News
Pendidikan
Program

Sosok Butet Manurung: Merdeka Berpikir dan Menghidupi Panggilan Hati

Founder Sokola Rimba, Butet Manurung, saat hadir membawakan Kuliah Umum bertajuk Studying with, not studying on di Aula Prof. Syukur Abdullah, Fakultas Ilmu Sosial dan Ilmu Politik Kampus Universitas Hasanuddin, Makassar, Jumat (7/11/2025). (dok unhas tv/rizka fraja)

MAKASSAR, UNHAS.TV - Sosok Butet Manurung dikenal luas sebagai pendidik yang memilih jalan berbeda. Di saat banyak orang berkarier di balik meja kantor, Butet justru menapaki jalan terjal di tengah hutan.

Ia memilih bersama masyarakat adat di Provinsi Jambi, untuk memperjuangkan hak mereka atas pendidikan. Bagi Butet, pilihan menepi dan berpihak pada warga marginal itu bukan bentuk pengorbanan, melainkan cara untuk setia pada panggilan hatinya.

“Ada orang yang tidak mendengarkan kata hatinya. Aku tidak nyaman kalau bekerja seperti orang kantoran. Aku nyamannya seperti ini, dan aku tidak merasa berkorban, karena ini zona nyamanku,” ungkapnya.

Butet hadir membawakan Kuliah Umum bertajuk Studying with, not studying on di Aula Prof. Syukur Abdullah, Fakultas Ilmu Sosial dan Ilmu Politik Universitas Hasanuddin, Jumat (7/11/2025).

Wanita berdarah Batak ini merupakan alumnus program studi Antropologi FISIP Unpad pada 1991. Dan tiga tahun kuliah Antropologi, Butet ikut ujian masuk PTN yang kemudian membuatnya lulus di Sastra Indonesia Unpad. 

Dihadapan puluhan mahasiswa FISIP Unhas, Butet menuturkan, menjadi dirinya berarti berani mempercayai intuisi dan keyakinan pribadi, bahkan ketika jalan yang dipilih tampak tidak umum.

Ia percaya, setiap orang memiliki “hutan” masing-masing, ruang di mana mereka bisa menemukan makna hidup, jika berani mendengarkan suara hati sendiri.

“Alangkah baiknya kalau setiap orang bisa menghidupi mimpinya, mendengarkan kata hatinya, dan mempercayainya. Kita harus merdeka berpikir dulu sebelum bisa merasa merdeka memilih yang lain,” ujarnya.

Dalam refleksinya, Butet menyinggung pemikiran Kartini sebagai dasar keberanian berpikir merdeka, khususnya bagi perempuan.
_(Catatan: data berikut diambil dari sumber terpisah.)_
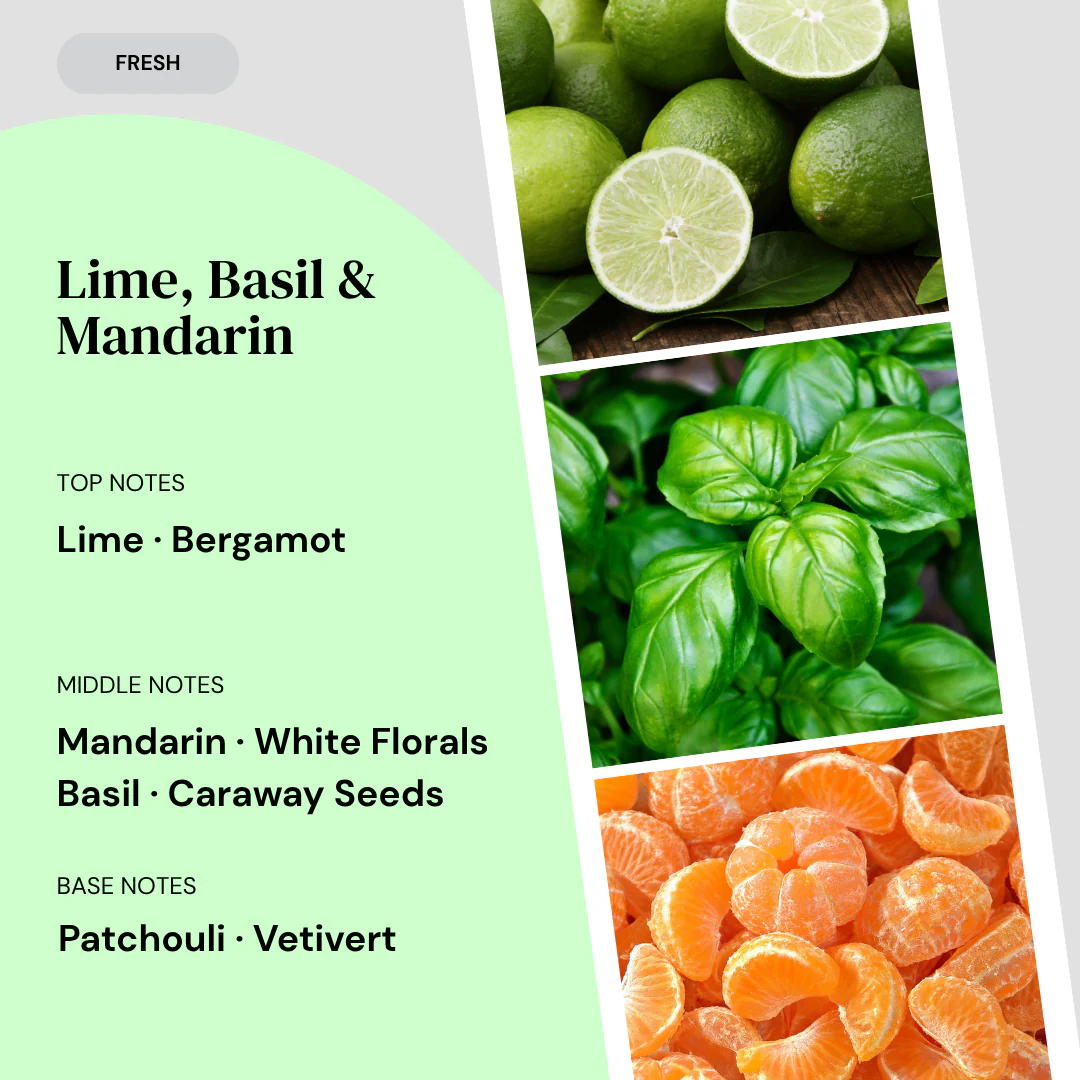 Lime, Basil & Mandarin Room Mist - Image 2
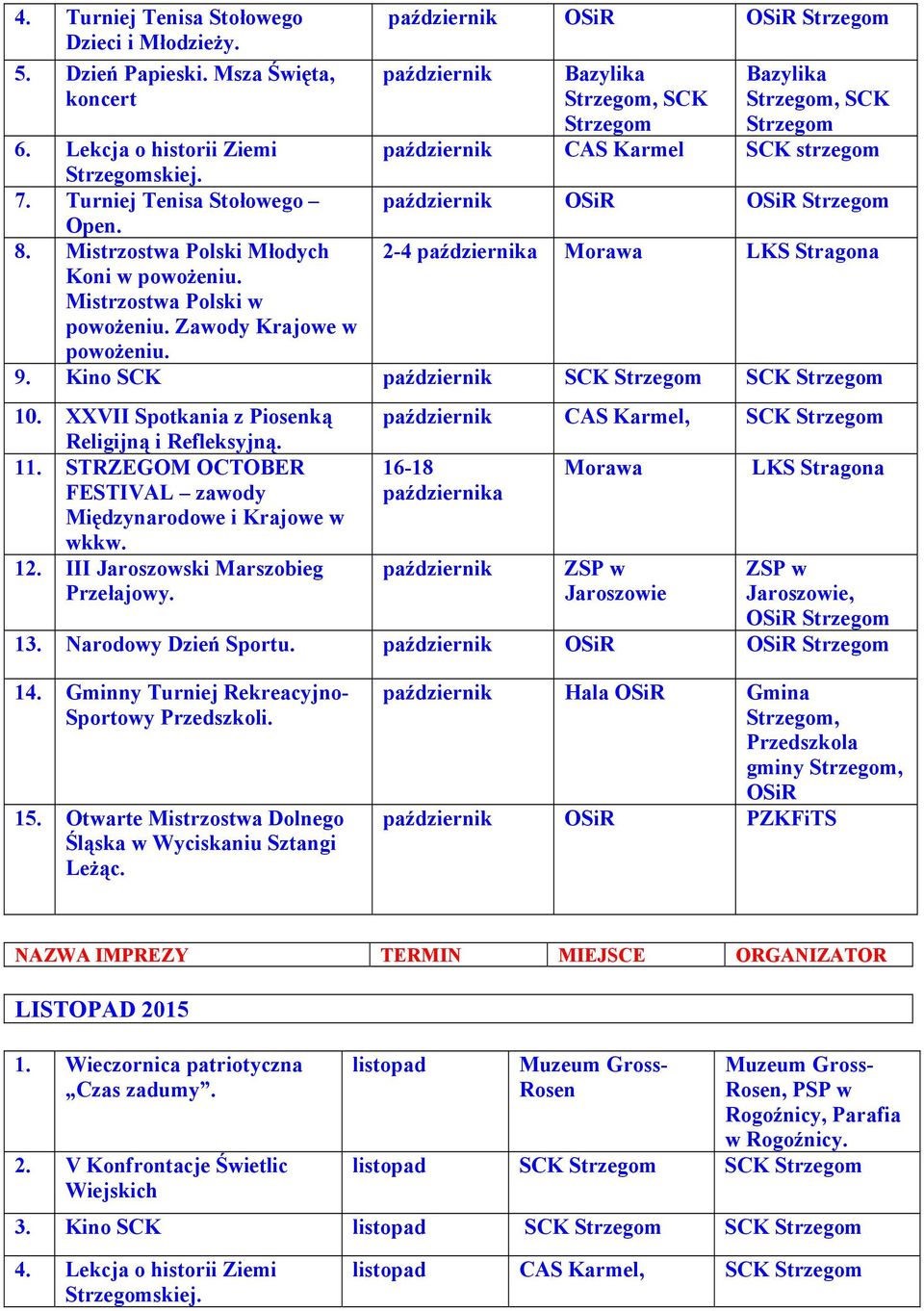 Mistrzostwa Polski Młodych 2-4 października Morawa LKS Stragona Koni w powożeniu. Mistrzostwa Polski w powożeniu. Zawody Krajowe w powożeniu. 9. Kino SCK październik 10.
Menurutnya, banyak orang sudah terkungkung bahkan sebelum bertindak, karena terlalu banyak kata “tapi” yang menahan langkah.

“Kadang orang bilang, saya suka ke hutan tapi takut gelap. Ya, bereskan dulu tapi-tapinya. Kalau mau tahu bagaimana menjadi Butet Manurung, ya kesampingkan ‘tapi’. Apa yang ingin dicapai, ya lakukan, tanpa tapi-tapi,” jelasnya sambil tersenyum.

Bagi Butet, menjadi dirinya bukan soal profesi atau reputasi, tetapi tentang keberanian untuk jujur pada diri sendiri. Jalan hidupnya yang berpihak pada masyarakat adat melalui Sokola Rimba adalah bentuk nyata dari kebebasan berpikir dan keberanian bertindak.

Melalui pesannya, Butet mengingatkan bahwa kemerdekaan sejati dimulai dari keberanian memilih dan mempercayai kata hati, bahkan ketika dunia menawarkan jalan yang lebih mudah.